Midsummer last year, Paisanos ran out of money, grounding the airplane that burns 10 gallons of fuel an hour at $5 a gallon. Then came a couple of lucky breaks. Mexican businessman Pedro Zaragoza, who owns dairy and beverage firms in Juarez, donated water bottles and fuel. Bruce Springsteen also read about the project and mentioned it at a concert in Connecticut, inspiring one devotee to post information on the rock star's official fan Web site.

That prompted donations ranging from $10 to $500. "Thank you for your good work. Bruce sent me," read a note from a New Jersey Springsteen fan who enclosed a $25 donation. Wrote another who sent $50 from Woodstock, N.Y.: "As a member of a group (Irish) with a history of unofficial entry to this country, I know something of those who have lived with the fear of discovery and repatriation, but at least not with the horror of dying of thirst."

Since Oct. 1, 34 migrants have died in the El Paso sector, which includes two West Texas counties and New Mexico, according to the Border Patrol. During the same period, 484 "migrants in distress" have been rescued by the Border Patrol. One hundred forty-two migrants have died in the desert of the Tucson sector; 615 have been rescued.

"I go to work, and I'm always prepared mentally and with my equipment for this to turn into something else," said Steve Aguilar, a senior agent in the Deming, N.M., Border Patrol office. "I always ask a large group that I find, 'Did you leave anybody behind?' I don't just want to catch somebody else. But I don't want anybody to stay behind and die."

Aguilar said he doesn't object to the Paisanos project, but he sees it as impractical. "People usually die from overheating, not from lack of water," he said. "I understand what he's doing, and I have no problem with [it]. . . . But it's not the most effective way to stop people from dying in the desert."

This year, Paisanos al Rescate received its nonprofit tax status, which Alarcon hopes will help the group raise money. Paisanos wants to purchase and station at least one plane and one helicopter in El Paso, Tucson and Calexico, Calif., and keep them fueled and stocked with water bottles and parachutes.
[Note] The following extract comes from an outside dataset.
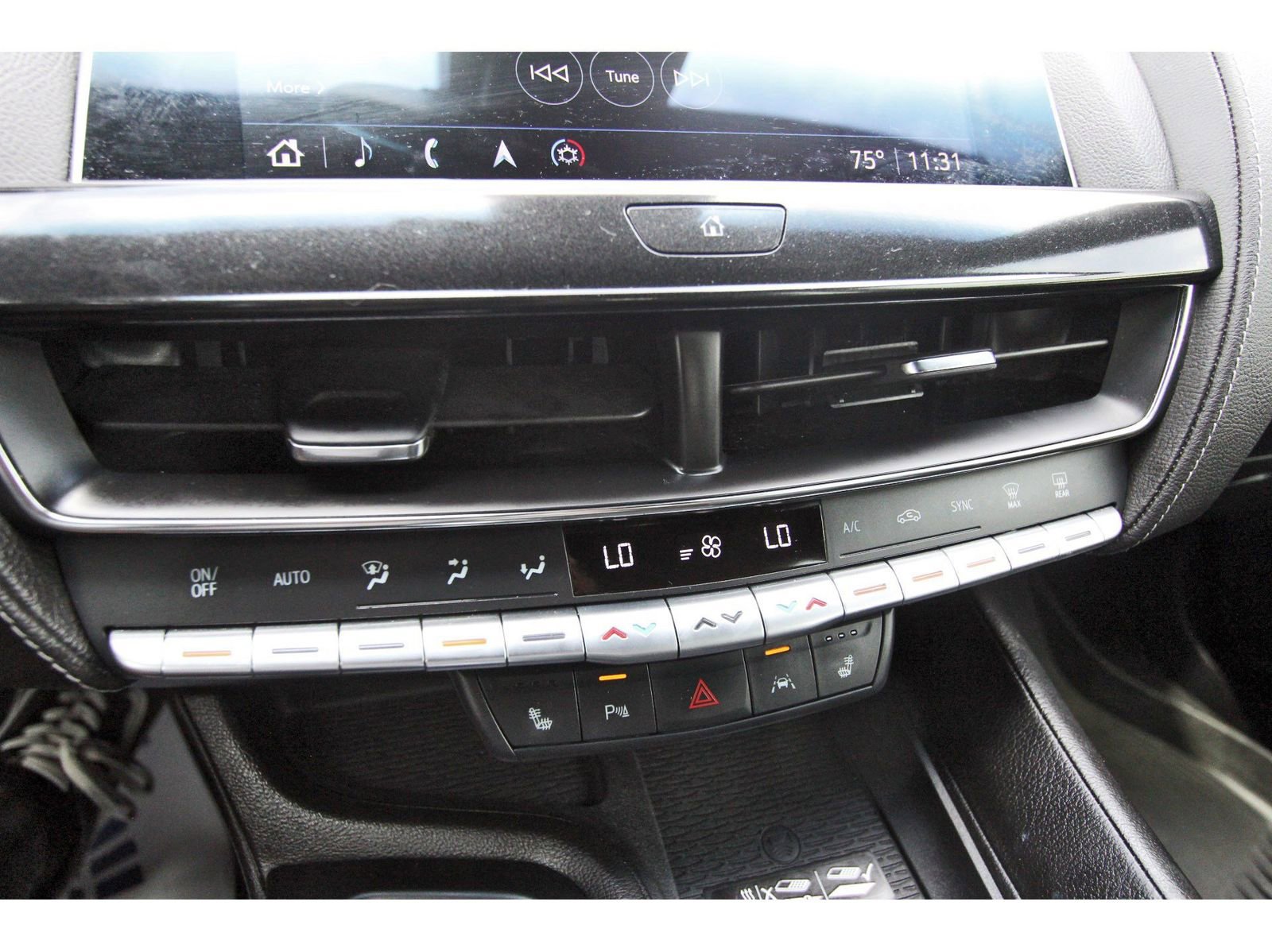 Used 2024 Cadillac CT5 Luxury w/ Sun And Sound Package RWD image 28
Among the messages on the Paisanos parachute is one that asks migrants to write the group to let it know about their journeys. To date no one has. But this spring, Alarcon got a pleasant surprise. He was invited to the popular Univision variety show " Sábado Gigante ," filmed in Miami, where he thought he was going to be interviewed about the project. Instead, the show's host introduced a Mexican woman, then living in Chicago, who presented Alarcon with a plaque of appreciation. She said she and her companions were able to finish their desert trek in Arizona with water bottles dropped by the Paisanos plane. She brought the parachute with her as proof.

"We're flying up there, and we have zero contact with anyone. So it was like, wow! I didn't know what to do," Alarcon said. "It felt good."